(Short text fragments from websites)
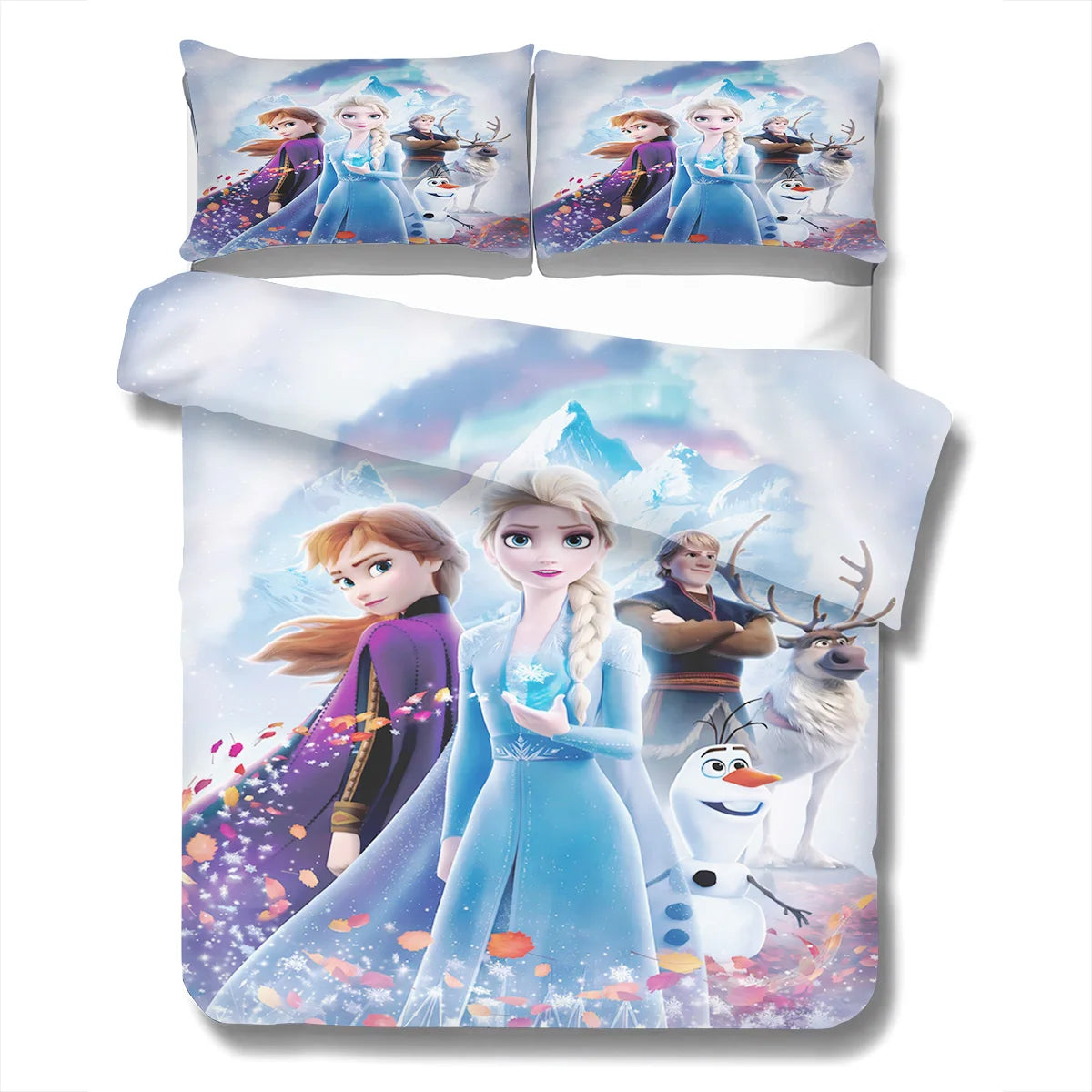 Frozen Duvet Cover Set,Elsa Anna Olaf King Size Bedding Set,Twin Full Size King Queen Bedding Set 3pcs for Girl'S Room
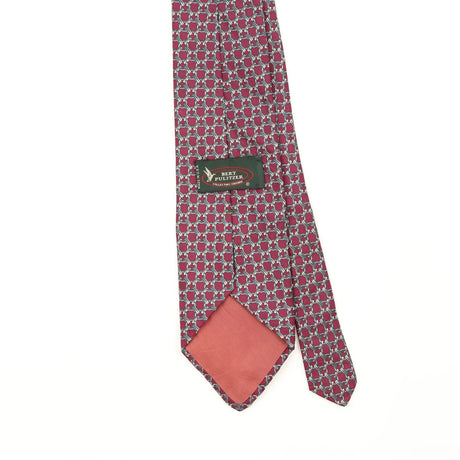 Back Back Detail of Vintage 1990's Bert Pulitzer Links Geometric Patterned Tie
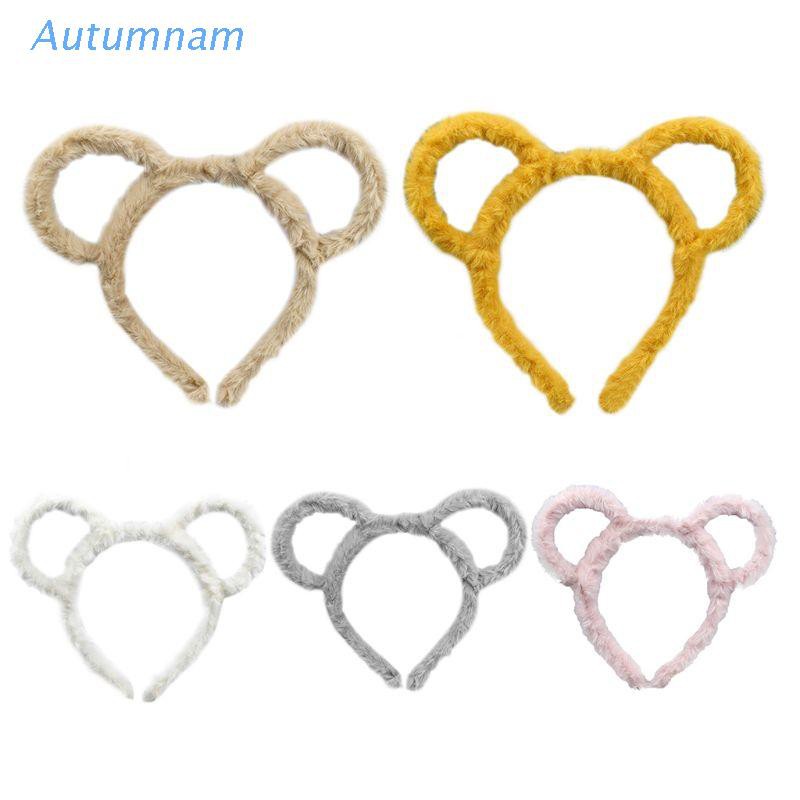 Băng Đô Phối Lông Dày Dặn Màu Kẹo Hình Tai Gấu / Chuột Dễ Thương Cho Nữ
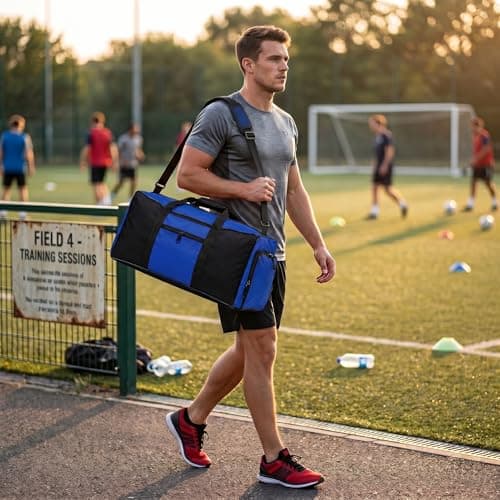 Travel Duffle Storage Holdall Bag Lightweight Gym & Sports Bag (Blue) — view 2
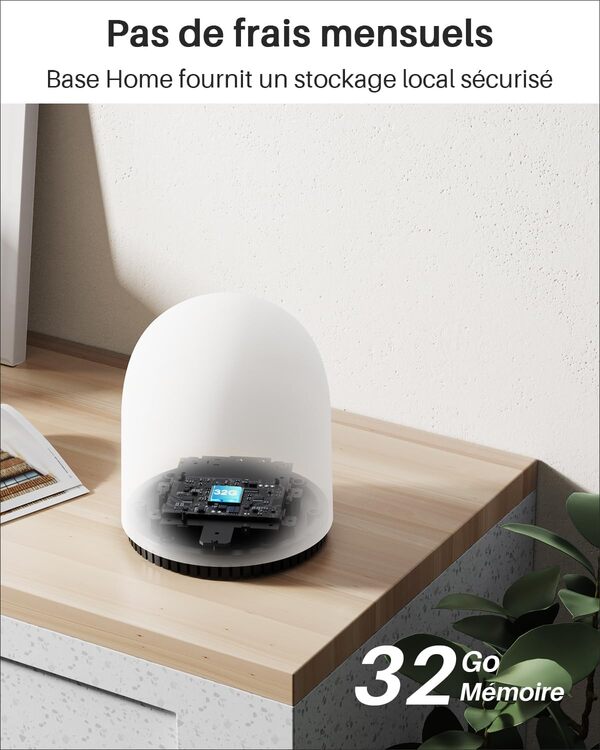 WUUK caméra Surveillance WiFi exterieure sans Fil 2K, Homebase + 4 caméras, Stockage de 32 Go, Pas de Frais mensuels, autonomie de 240 Jours, WiFi 2.4/5GHz, Compatible avec Alexa et Google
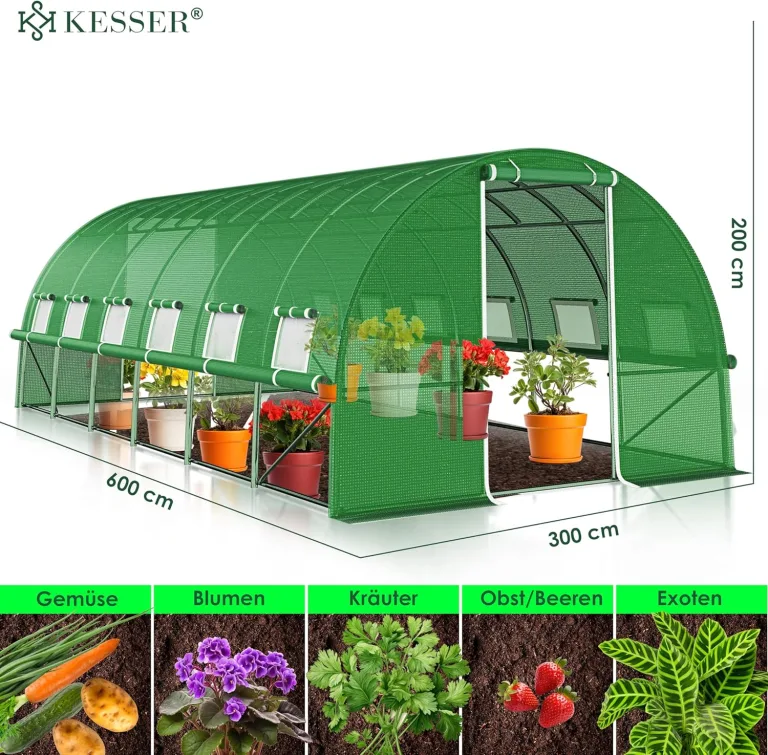 KESSER® Folien-Gewächshaus Stabil mit 12 Fenster mit Moskitonetz & Tür | Gartentunnel mit Rahmen aus verzinktem Stahl | Folientunnel 170g/m² inkl. Erdanker Handschuhen & Seilen | 600x300cm Grün – Bild 10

Work required — Repeat the data exactly as given. Keep every picture out of the copy.

Result of this exercise —
 Frozen Duvet Cover Set,Elsa Anna Olaf King Size Bedding Set,Twin Full Size King Queen Bedding Set 3pcs for Girl'S Room
 Back Back Detail of Vintage 1990's Bert Pulitzer Links Geometric Patterned Tie
 Băng Đô Phối Lông Dày Dặn Màu Kẹo Hình Tai Gấu / Chuột Dễ Thương Cho Nữ
 Travel Duffle Storage Holdall Bag Lightweight Gym & Sports Bag (Blue) — view 2
 WUUK caméra Surveillance WiFi exterieure sans Fil 2K, Homebase + 4 caméras, Stockage de 32 Go, Pas de Frais mensuels, autonomie de 240 Jours, WiFi 2.4/5GHz, Compatible avec Alexa et Google
 KESSER® Folien-Gewächshaus Stabil mit 12 Fenster mit Moskitonetz & Tür | Gartentunnel mit Rahmen aus verzinktem Stahl | Folientunnel 170g/m² inkl. Erdanker Handschuhen & Seilen | 600x300cm Grün – Bild 10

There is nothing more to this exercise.